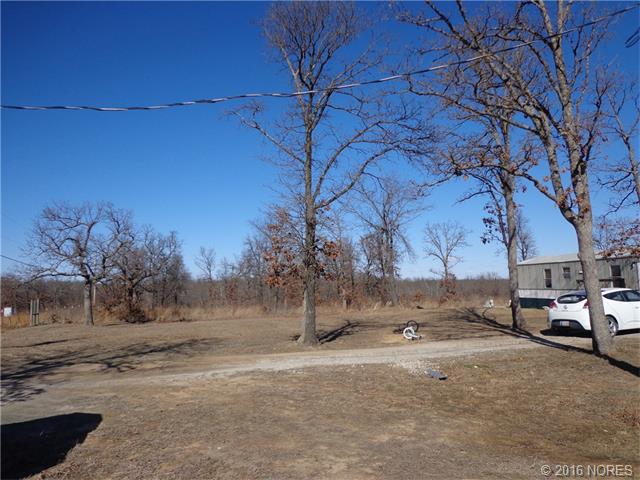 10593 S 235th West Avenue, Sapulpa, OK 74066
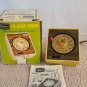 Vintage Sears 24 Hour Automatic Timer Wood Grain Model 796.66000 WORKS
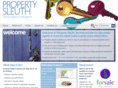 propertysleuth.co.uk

What you will do.
Wherever a picture appears in the data, please drop it and retype the rest exactly.

Exercise response.
 10593 S 235th West Avenue, Sapulpa, OK 74066
 Vintage Sears 24 Hour Automatic Timer Wood Grain Model 796.66000 WORKS
 propertysleuth.co.uk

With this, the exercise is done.